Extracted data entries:
====

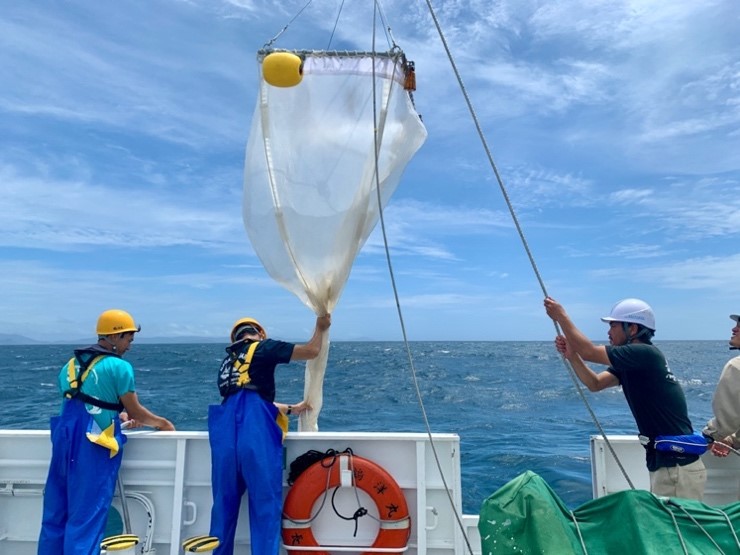 海の表面付近をひくことができる特殊なネット（ニューストンネット）を使用してマイクロプラスチックを集めている様子。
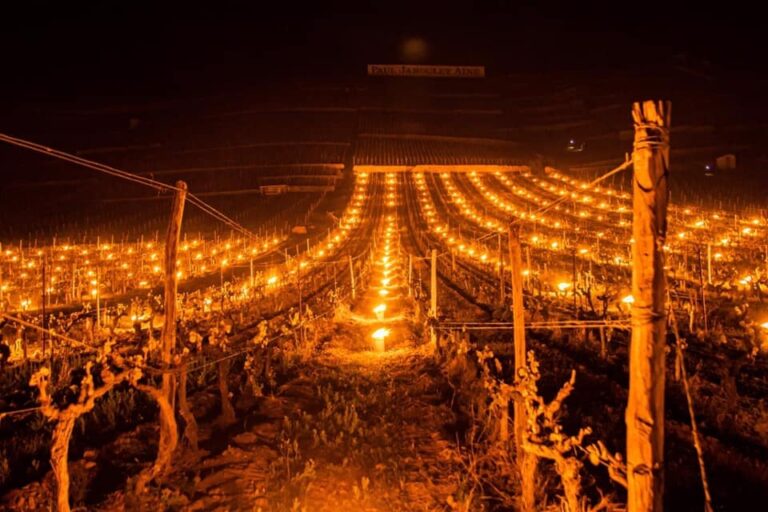 Store frost problemer i europæiske vinmarker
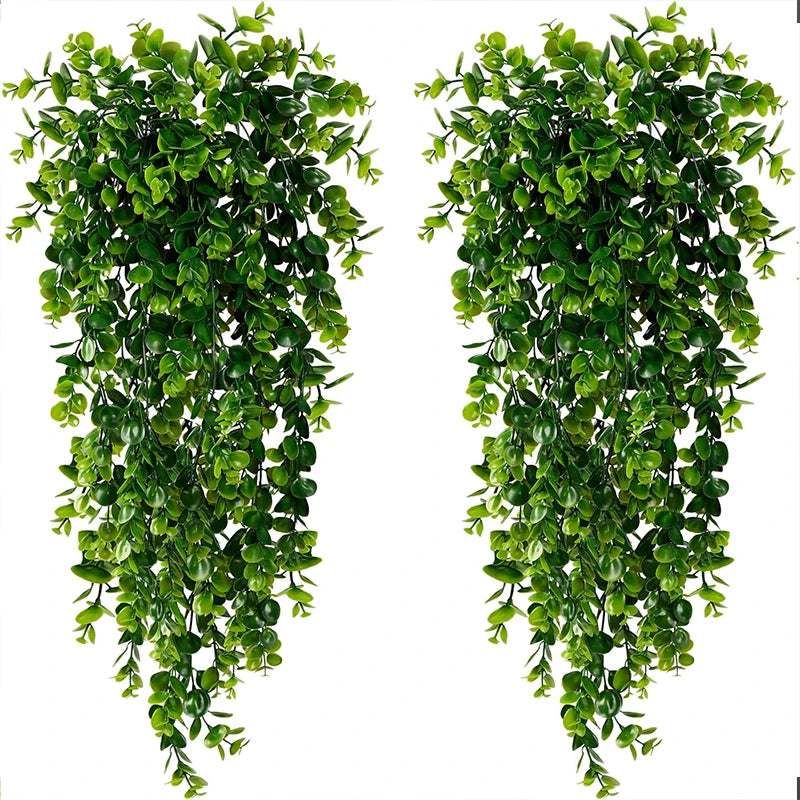 EucaGreen Hanging Vine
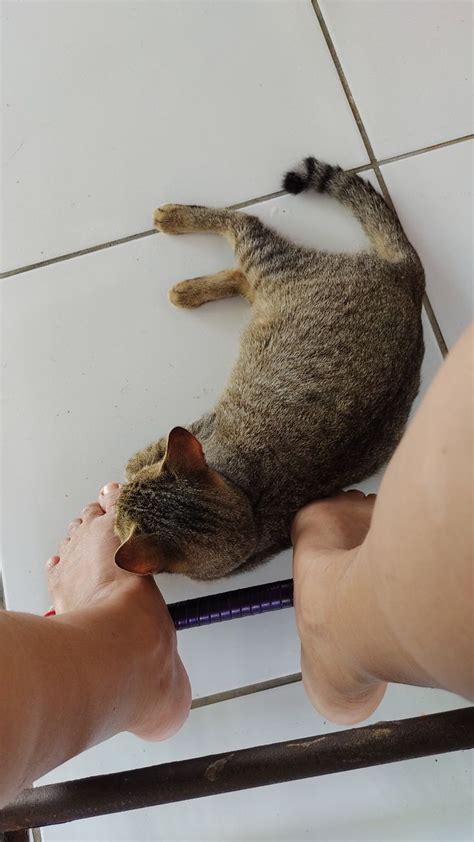 A Cat Laying On Top Of A White Tile Floor Next To A Person S Hand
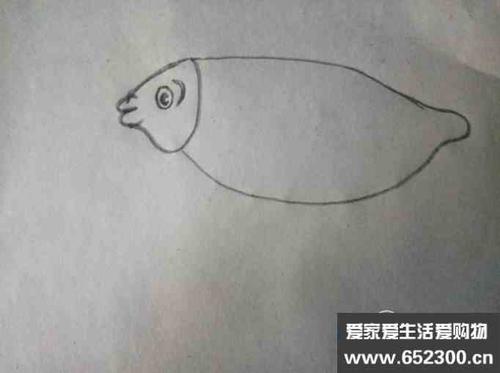 简笔画之鲫鱼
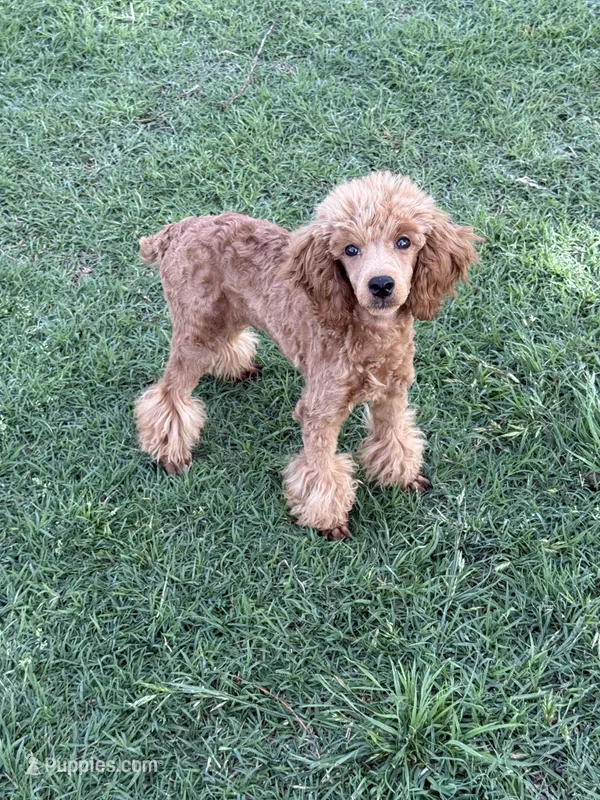 AKC Miles – Poodle - Miniature  puppy for sale in Tecumseh, OK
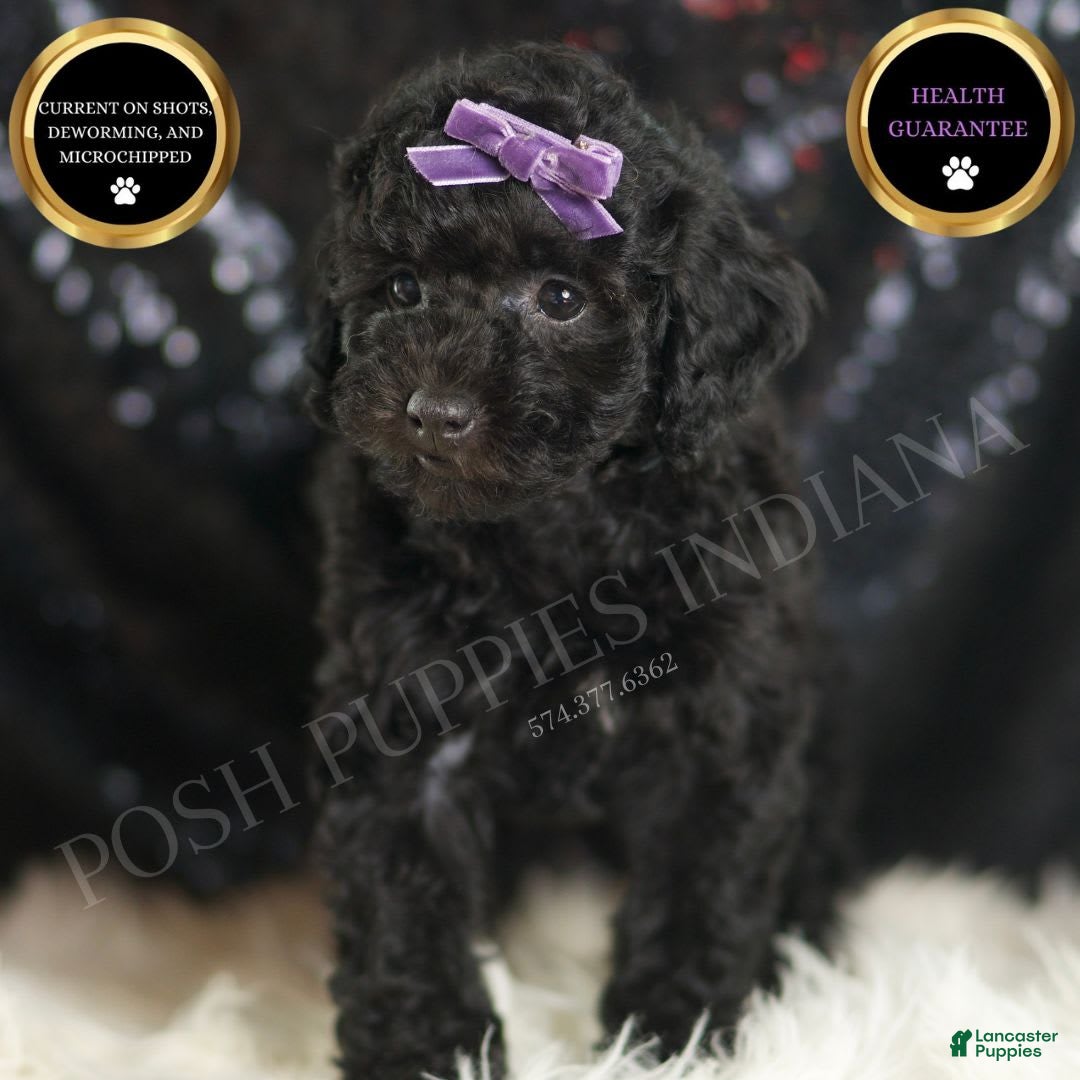 Mini Goldendoodle dogs for sale: Smiles - Image 1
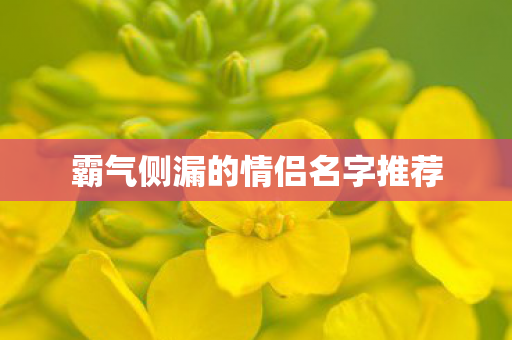 霸气侧漏的情侣名字推荐图片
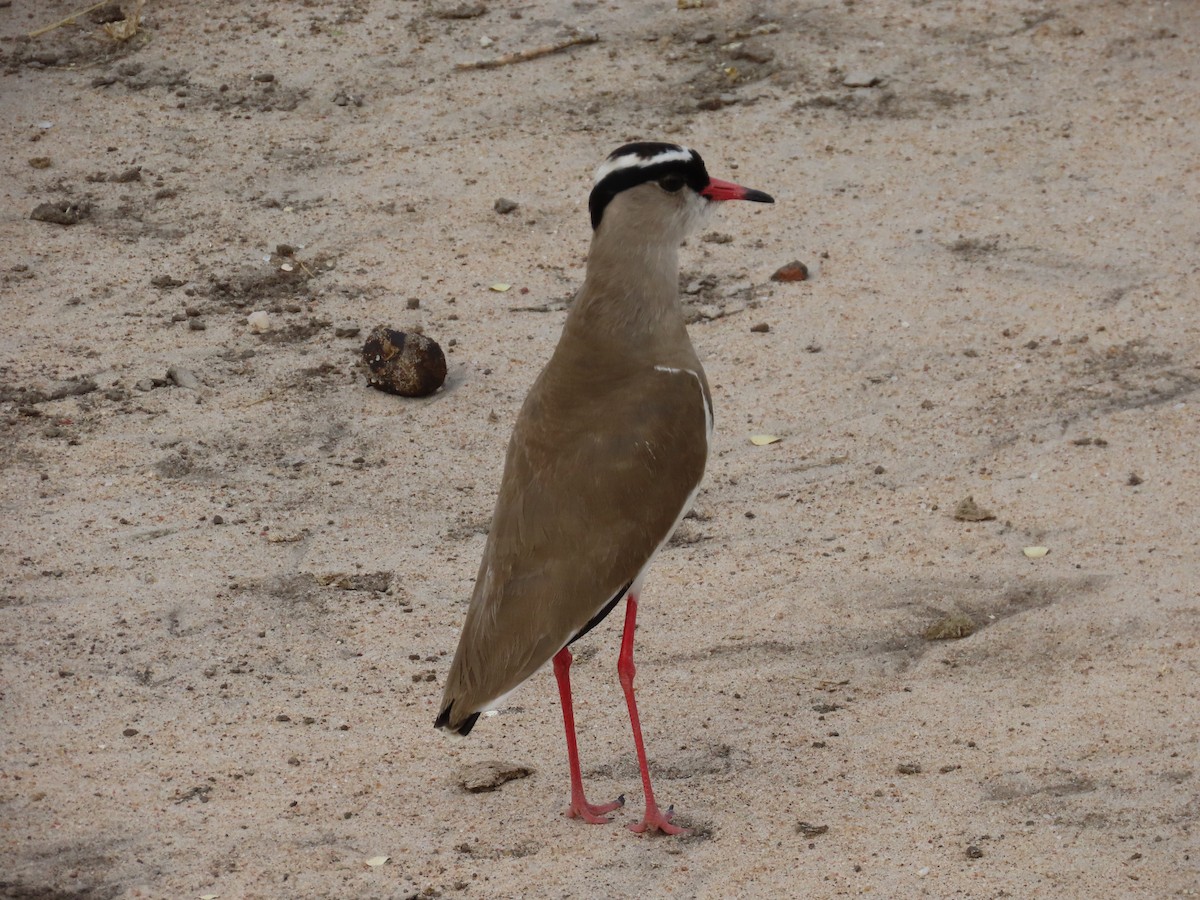 Crowned Lapwing - ML596287011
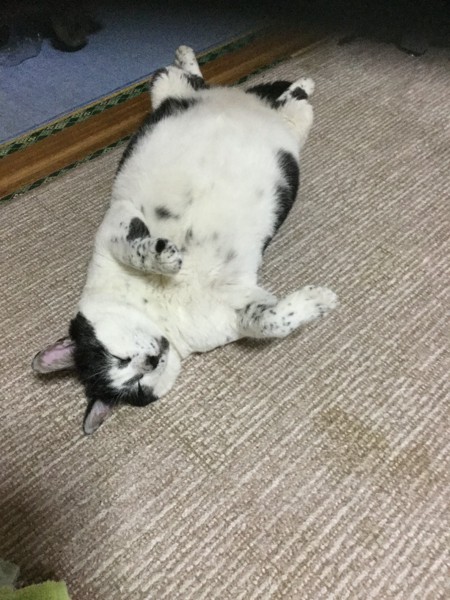 猫 黒ブチ かまやつの写真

====

* _INSTRUCTIONS TO FOLLOW_
Set down every entry above without alteration, but print no images.

* _YOUR SOLUTION_
 海の表面付近をひくことができる特殊なネット（ニューストンネット）を使用してマイクロプラスチックを集めている様子。
 Store frost problemer i europæiske vinmarker
 EucaGreen Hanging Vine
 A Cat Laying On Top Of A White Tile Floor Next To A Person S Hand
 简笔画之鲫鱼
 AKC Miles – Poodle - Miniature  puppy for sale in Tecumseh, OK
 Mini Goldendoodle dogs for sale: Smiles - Image 1
 霸气侧漏的情侣名字推荐图片
 Crowned Lapwing - ML596287011
 猫 黒ブチ かまやつの写真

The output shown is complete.